Tingting Kang will be Lafayette’s first Multi-Language Learner Support Specialist, a position created as a result of several years of faculty requests for such a job.
“Students are struggling and faculty members realize this, so they want to hire somebody who can help international students,” Kang said. She noted that she also aims to work with ‘1.5 generation’ language learners, or those whose parents don’t speak English and who learned their English from social interaction.
The college approved Kang’s position little over a year ago, according to Dean of Advising Erica D’Agostino, who chaired the search committee that found Kang.
“From the time that I first arrived on campus working in the ATTIC I was asked about our ESL support for students,” D’Agostino wrote in an email, referring to the tutor program and English as a Second Language learning, respectively, “but the college didn’t have a program in place to provide these services.”
Kang said that the last time there was a position similar to hers at Lafayette was about 15 years ago, when a part-time ESL coordinator was employed.
The number of international students at Lafayette increased more than 50 percent between 2013 and 2015 to about 10 percent of the college’s enrollment, according to the college’s common data set. Lafayette requires international students score at least 95 points on the Test of English as a Foreign Language (TOEFL) in order to enroll.
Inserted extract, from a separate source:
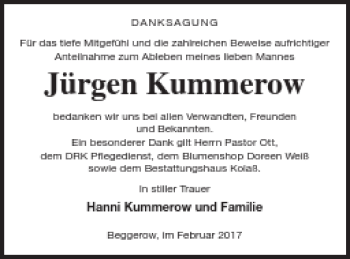 Traueranzeige von Jürgen Kummerow von Demminer Zeitung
Kang, originally from central China, said that this is generally a high standard for undergraduate degree-seeking students.
Lehigh university requires a TOEFL score of 90 for undergraduates, and Bucknell University requires 100. At Northern Arizona State, where Kang received her Ph.D., undergraduates students need only 75 to enter, and graduate teaching assistants in the English department need 100.
Despite a high standard for entry, Kang said that the TOEFL does not cover all writing that students come across in college.
“I know that the TOEFL scores are very high scores,” she said. “[The students] are very good, they just need more support to be more successful…We just want to advance their ability.”
Kang added that argumentative techniques, especially, differ across cultures.
“We call that ‘contrastive rhetoric,'” she said, referring to the communication across education systems. “So for people from different cultures, they tend to argue in different ways. For Chinese speakers, its a circle; it’s not to the point. They are very indirect. But for English, writing is very direct. We want to make writing to the point.”
Before this position was created, faculty and students had been looking to the College Writing Program (CWP) and Writing Associates for support, according to English professor and CWP Director Bianca Falbo.
“In working to build a diverse student body, Lafayette has been fortunate to attract students who speak and write multiple languages,” Falbo wrote in an email. “The College realized it needed to do more to support students learning in a second or third or fourth language.”
Kang is also currently working on a reference library in Scott Hall for academic English. Already working with the CWP, she plans to begin college writing seminars beginning mid-September and aims to work with the International Students Association. Kang also said that faculty may recommend students to her.